Desde 1993, a Súmula 331 do Tribunal Superior do Trabalho restringe o trabalho temporário aos serviços de vigilância e limpeza e a funções não relacionadas às principais atividades das empresas. Descumprir a lei custa indenizações milionárias às companhias, que reclamam de insegurança jurídica e de falta de clareza na definição dos conceitos de atividades-fim e meio. Há 17 mil processos contra terceirizadas em andamento na Justiça do Trabalho. “Existe uma cultura do ‘garantismo’ legal, mas precisamos privilegiar a negociação. Temos uma legislação fomentadora de conflitos”, diz Alexandre Furlan, vice-presidente da Confederação Nacional das Indústrias.

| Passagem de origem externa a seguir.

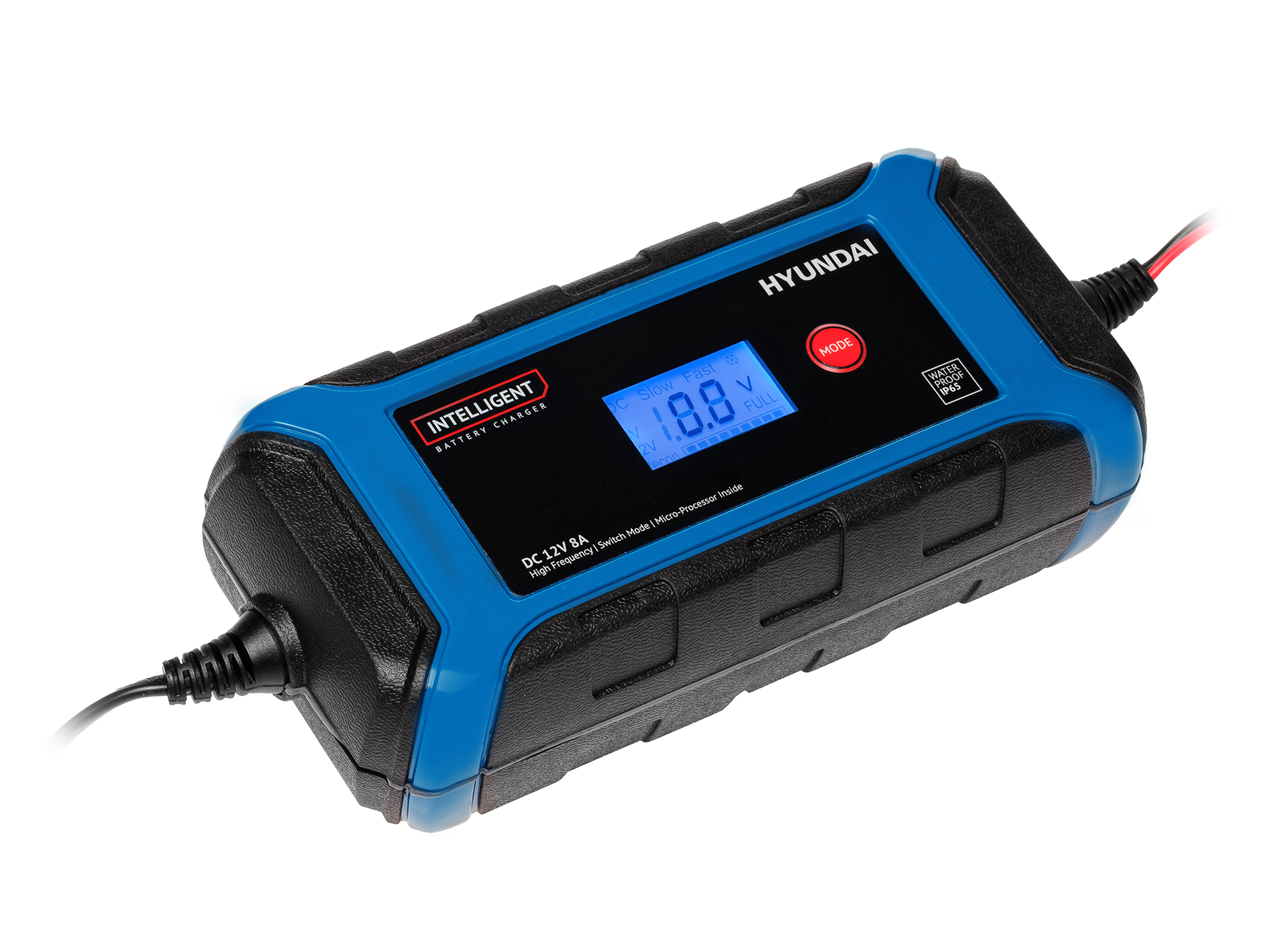 Зарядное устройство HYUNDAI HY 800 купить по цене 4&nbsp;000 ₽ в интернет магазине ТЕХСАД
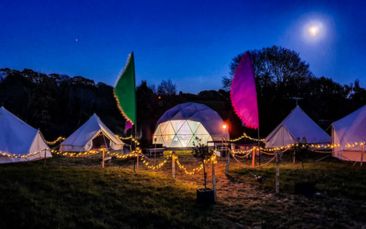 party dome image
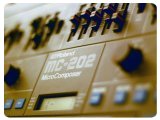 Virtual Instrument : TapeDeath launches MC-202 Filter Sample Pack for Free - pcmusic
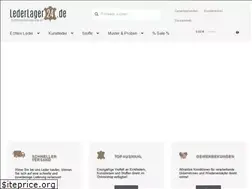 Sites similar to lederlager24.de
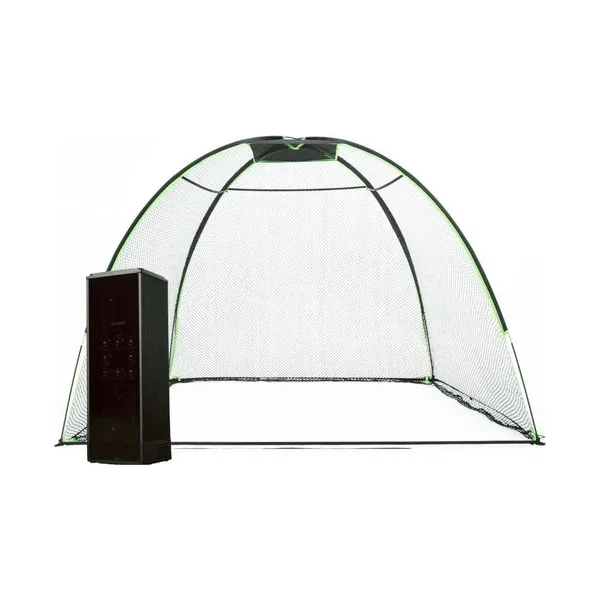 Square Golf Indoor Launch Monitor Net Practice Bundle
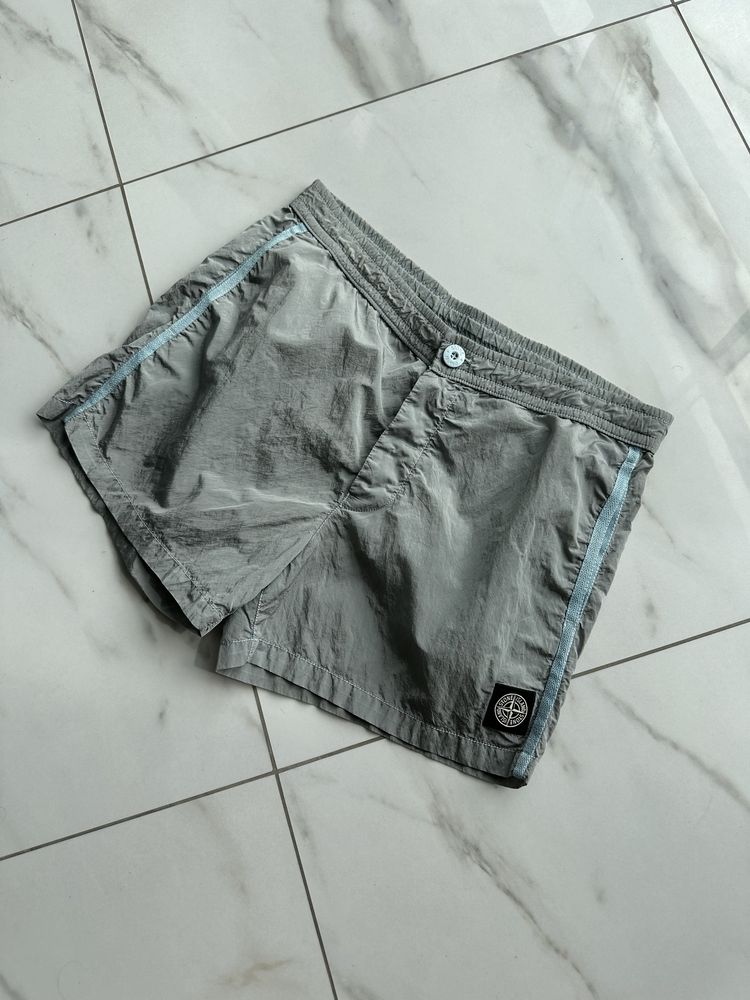 Шорти Stone island нейлонові Nylon , оригінал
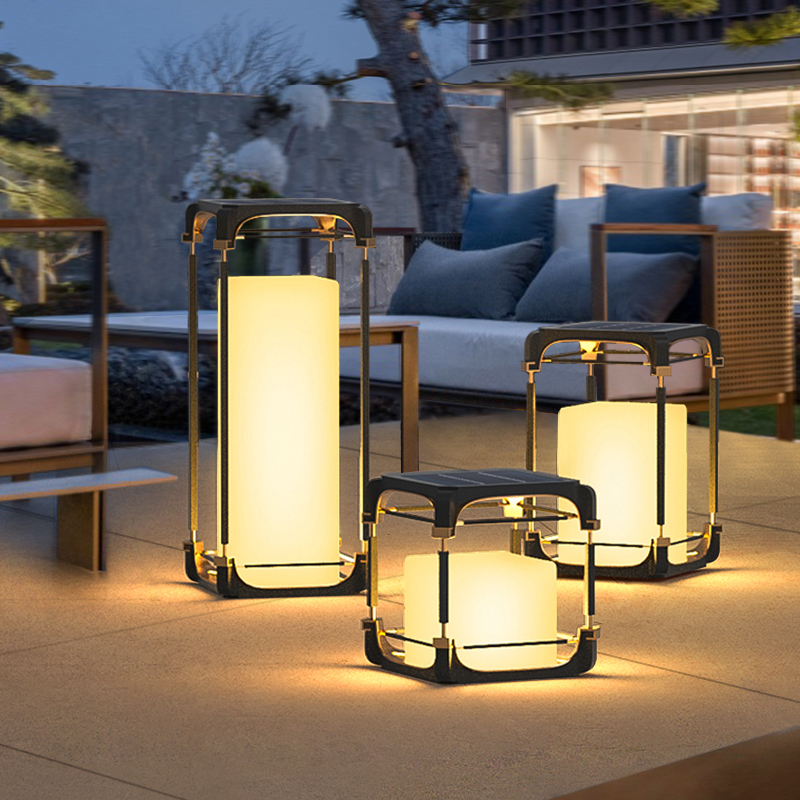 Leuchtende Stehlampe für den H – Outdoor Lighting And Decor Bewertung und Preis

A articulação de entidades empresariais para derrubar as limitações à contratação de terceirizados ganhou força nos anos 1990, com o avanço do neoliberalismo e das propostas para reduzir custos e desregulamentar o trabalho. O Enunciado 256 do TST, vigente até 1993, proibia a terceirização no País e a Súmula 331 foi considerada um retrocesso pelo movimento sindical. Diante da ofensiva do setor empresarial, hoje os sindicatos lutam para manter a Súmula e garantir um limite.
Mais de dois terços das indústrias contrataram serviços terceirizados nos últimos três anos, segundo sondagem da Confederação Nacional da Indústria. Montagem e manutenção de equipamentos, logística e segurança são os serviços mais terceirizados e 84% das empresas pretendem manter ou aumentar o seu uso nos próximos anos.
A batalha para avançar na liberação sofreu revezes no TST e no Congresso, onde as entidades empresariais tentam aprovar o Projeto de Lei nº 4330, do deputado peemedebista e empresário Sandro Mabel, de acolhimento da terceirização em todas as atividades dos setores privado e público. A sua votação foi suspensa no fim do ano passado por pressão do movimento sindical e do TST. A proposta provocará uma “gravíssima lesão” de direitos contra os trabalhadores, argumentaram 19 dos 26 ministros da Corte em documento enviado ao autor do projeto. Mabel desconsiderou a ponderação dos ministros e prometeu publicamente ao empresariado colocar o projeto em votação logo após as eleições.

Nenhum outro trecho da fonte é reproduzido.